Lesson 1: Introduction to Distributed Systems Flashcards

Question 1

Q

What is a distributed system?

Answer

A

“A distributed system is one in which the failure of a computer you didn’t even know existed can render your own computer unusable” - Leslie Lamport

A collection of computing units that interact by exchanging messages via an interconnection network and appear to external users as a single coherent computing facility (e.g., there is a common goal that the system must accomplish and all system componets must contribute to it)

Question 2

Q

Describe a system model of a distributed system

Answer

A

two or more nodes
connected via communication channels
send and receive messages
each node contributes to the overall system state

Nodes receive a message from a channel, take some time to act on it, send a message to (one or more) channels.

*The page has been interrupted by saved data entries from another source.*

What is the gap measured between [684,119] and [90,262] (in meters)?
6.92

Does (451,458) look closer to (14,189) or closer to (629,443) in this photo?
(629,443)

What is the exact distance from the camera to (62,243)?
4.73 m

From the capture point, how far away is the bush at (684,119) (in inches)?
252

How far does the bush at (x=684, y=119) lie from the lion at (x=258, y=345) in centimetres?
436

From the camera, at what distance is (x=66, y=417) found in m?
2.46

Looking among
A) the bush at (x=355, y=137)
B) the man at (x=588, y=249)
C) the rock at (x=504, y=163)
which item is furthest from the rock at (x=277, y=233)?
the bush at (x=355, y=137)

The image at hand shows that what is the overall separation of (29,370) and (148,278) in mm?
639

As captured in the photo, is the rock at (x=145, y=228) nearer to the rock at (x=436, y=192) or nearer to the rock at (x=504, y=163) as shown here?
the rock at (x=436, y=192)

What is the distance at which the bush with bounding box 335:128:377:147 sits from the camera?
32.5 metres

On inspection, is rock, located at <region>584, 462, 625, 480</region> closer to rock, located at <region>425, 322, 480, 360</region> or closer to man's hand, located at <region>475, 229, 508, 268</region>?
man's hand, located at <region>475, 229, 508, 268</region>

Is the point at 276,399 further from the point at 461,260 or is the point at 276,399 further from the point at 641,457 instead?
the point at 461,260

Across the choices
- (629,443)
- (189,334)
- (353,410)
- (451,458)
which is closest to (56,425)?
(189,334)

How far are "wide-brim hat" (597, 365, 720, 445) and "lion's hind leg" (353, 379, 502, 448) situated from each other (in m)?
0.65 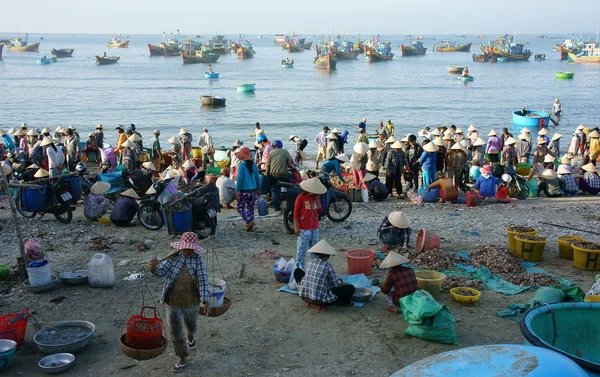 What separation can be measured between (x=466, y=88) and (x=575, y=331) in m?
61.9

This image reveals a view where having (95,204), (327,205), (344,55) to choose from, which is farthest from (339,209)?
(344,55)

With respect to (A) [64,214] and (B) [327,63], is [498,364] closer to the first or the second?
(A) [64,214]

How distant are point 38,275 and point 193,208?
131 inches

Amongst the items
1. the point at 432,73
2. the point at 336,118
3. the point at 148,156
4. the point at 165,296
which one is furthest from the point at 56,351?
the point at 432,73

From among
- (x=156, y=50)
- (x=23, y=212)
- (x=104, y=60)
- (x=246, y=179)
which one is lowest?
(x=23, y=212)

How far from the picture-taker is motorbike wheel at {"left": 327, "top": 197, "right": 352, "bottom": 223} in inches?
488

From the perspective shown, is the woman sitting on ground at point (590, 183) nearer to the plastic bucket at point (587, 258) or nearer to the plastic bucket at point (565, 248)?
the plastic bucket at point (565, 248)

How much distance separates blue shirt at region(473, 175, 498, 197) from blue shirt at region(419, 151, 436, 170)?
4.09ft

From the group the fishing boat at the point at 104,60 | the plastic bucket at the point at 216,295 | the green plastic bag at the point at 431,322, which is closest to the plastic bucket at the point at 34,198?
the plastic bucket at the point at 216,295

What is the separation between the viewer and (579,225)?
40.4 feet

Actions are triggered in response to messages. The outcome of the actions is that the state at an individual node may change.

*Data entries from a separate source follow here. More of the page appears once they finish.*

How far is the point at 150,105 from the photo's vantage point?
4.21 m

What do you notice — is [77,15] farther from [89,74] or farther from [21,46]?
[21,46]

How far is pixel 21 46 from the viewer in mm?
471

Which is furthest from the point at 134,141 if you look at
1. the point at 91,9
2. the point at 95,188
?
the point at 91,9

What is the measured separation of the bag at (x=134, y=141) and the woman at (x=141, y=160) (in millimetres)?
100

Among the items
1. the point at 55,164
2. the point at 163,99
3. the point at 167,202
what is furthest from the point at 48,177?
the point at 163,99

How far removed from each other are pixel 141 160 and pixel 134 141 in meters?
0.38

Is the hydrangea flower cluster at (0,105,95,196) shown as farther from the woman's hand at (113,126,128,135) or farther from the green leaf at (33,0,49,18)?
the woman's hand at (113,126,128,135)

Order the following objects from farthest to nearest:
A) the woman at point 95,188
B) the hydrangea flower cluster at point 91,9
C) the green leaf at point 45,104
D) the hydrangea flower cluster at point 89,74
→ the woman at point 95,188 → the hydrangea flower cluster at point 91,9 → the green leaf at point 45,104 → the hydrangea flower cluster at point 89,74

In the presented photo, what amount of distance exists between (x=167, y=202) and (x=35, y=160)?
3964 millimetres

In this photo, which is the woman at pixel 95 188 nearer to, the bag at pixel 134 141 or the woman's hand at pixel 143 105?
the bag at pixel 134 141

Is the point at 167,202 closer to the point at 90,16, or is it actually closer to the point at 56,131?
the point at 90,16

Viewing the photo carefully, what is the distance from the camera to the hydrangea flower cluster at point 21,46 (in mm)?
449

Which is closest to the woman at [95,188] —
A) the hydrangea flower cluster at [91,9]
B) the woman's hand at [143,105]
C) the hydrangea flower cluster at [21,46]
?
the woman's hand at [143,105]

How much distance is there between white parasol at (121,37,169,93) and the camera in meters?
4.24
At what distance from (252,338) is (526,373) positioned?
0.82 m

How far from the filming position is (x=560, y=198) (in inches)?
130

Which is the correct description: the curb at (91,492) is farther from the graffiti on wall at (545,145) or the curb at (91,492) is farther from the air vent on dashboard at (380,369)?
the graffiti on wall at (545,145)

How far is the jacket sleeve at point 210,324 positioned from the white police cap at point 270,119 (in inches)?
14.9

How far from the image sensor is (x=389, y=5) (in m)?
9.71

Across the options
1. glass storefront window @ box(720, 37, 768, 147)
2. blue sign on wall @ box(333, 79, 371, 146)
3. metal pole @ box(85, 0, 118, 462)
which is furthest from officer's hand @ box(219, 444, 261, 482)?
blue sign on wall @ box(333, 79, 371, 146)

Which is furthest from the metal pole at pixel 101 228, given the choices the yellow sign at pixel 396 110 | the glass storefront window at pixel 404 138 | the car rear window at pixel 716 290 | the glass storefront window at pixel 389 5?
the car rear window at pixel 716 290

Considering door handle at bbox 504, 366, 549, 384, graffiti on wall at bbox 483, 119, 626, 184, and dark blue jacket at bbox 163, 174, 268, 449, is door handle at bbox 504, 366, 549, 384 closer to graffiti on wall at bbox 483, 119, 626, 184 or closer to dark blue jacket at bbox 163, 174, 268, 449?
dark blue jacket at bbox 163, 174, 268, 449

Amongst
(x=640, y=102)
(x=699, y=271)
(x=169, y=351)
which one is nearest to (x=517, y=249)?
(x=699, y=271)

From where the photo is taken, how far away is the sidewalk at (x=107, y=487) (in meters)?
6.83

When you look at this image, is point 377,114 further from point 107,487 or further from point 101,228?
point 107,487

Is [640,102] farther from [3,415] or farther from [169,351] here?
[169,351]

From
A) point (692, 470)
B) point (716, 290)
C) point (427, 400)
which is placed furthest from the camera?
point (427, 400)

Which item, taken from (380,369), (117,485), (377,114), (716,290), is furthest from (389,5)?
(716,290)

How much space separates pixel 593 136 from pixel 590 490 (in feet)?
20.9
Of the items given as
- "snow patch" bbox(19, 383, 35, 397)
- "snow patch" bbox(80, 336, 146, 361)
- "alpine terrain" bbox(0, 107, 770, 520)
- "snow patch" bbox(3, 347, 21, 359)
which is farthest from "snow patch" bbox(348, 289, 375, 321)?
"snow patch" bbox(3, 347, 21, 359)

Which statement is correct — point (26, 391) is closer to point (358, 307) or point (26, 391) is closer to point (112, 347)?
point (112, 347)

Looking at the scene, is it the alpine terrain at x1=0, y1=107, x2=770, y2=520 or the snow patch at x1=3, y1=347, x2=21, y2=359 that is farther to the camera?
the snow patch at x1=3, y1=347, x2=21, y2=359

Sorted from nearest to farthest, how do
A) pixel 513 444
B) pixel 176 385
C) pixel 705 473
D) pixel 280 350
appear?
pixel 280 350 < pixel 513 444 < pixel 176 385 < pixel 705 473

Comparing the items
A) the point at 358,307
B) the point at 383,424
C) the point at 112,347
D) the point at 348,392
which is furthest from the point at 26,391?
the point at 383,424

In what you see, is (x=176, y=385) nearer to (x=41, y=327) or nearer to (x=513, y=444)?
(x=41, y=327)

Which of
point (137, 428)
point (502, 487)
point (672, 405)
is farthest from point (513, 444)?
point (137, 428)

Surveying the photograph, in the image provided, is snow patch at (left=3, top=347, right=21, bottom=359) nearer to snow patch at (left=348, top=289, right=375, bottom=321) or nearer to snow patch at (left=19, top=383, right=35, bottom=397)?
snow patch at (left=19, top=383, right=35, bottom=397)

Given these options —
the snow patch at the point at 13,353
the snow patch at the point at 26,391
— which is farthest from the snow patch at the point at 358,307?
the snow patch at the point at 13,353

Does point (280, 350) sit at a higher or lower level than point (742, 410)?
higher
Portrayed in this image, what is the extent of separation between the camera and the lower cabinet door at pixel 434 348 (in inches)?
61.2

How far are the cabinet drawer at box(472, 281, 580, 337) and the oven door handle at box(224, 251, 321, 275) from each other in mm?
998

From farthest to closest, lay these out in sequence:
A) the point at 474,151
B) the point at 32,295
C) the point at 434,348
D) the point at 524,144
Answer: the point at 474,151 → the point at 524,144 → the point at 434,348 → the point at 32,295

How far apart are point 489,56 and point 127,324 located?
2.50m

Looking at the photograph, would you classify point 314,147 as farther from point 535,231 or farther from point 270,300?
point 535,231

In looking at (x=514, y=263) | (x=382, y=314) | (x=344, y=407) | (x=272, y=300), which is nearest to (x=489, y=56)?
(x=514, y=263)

Messages spend some time in the channel and then are delivered (zero or more times, ideally exactly once)

Question 3

Q

What is unique and what is hard about distributed systems?

Answer

A

Asynchrony
- Instant vs bounded vs unpredictable vs infinite latency
- Implication on system design

Failures
- From “failstop” to transient to Byzantine/can’t tell
- Server/process vs network

Consistency (single up-to-date copy of data or agreement therof)
- Concurrency, ordering
- Replication caching

Question 4

Q

Why are system models important in distributed systems?

Answer

A

Using system models and analyzing system behavior using models is important because otherwise we’d have to build prototypes and perform experimental validation under all scenarios.

Question 5

Q

What are models characterized by?

Answer

A

Elements and rules (e.g., a system is modeled as a collection of nodes, channels, etc.)
Invariants aka assumptions (e.g., every message is delivered after sometime -> assumes the network will not fail)

Question 6

Q

When is a model good enough?

Answer

A

Accurate: is it possible to learn some truths about the real system using the model?
Tractable: are analysis of a certain problem using the model even possible?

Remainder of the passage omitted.